“Vieni al mondo bambino mio, svegliati alla vita / La vita è buona, lo vedrai / Vieni al mondo bambino mio, svegliati alla vita / Tutti noi siamo qui e ti aspettiamo / E tutta la foresta salterà di gioia / Non appena tu sarai nato / Tutta la foresta ti sta aspettando / Puoi vedere la pantera con il suo manto più bello / Ed il leone, il re in persona, indossa una criniera nuova di zecca / Per darti il benvenuto / Non avere paura dei malvagi / Noi abbiamo confinato i malvagi / In una prigione di disprezzo / Da cui non potranno più scappare / I cattivi non ti daranno mai fastidio né ti renderanno infelice / Perché noi siamo qui, tutti noi, e ti aspettiamo / Vieni, tutta la foresta ti sta aspettando!”

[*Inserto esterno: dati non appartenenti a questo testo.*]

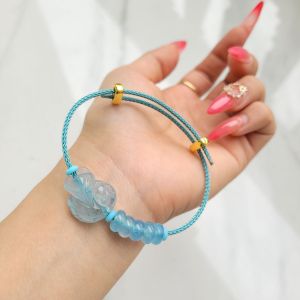 Vòng Cáp Ngũ Điếu Hồ Ly Aqua - Phong Thủy TUDO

(Forest nativity, canzone camerunense)
Francis Bebey
Un’immagine dell’Africa
Nella fantasia di molti, l’Africa è un continente inondato dal sole, costellato da spiagge bianchissime, da deserti e foreste vergini. Agli occhi di chi osserva il suo popolo, spesso sorridente, fa però capolino immediatamente un’entità oscura che finisce irrimediabilmente per dipingere questo continente con tinte fosche. Un vero e proprio assaggio dell’orrore, del lato oscuro conradiano.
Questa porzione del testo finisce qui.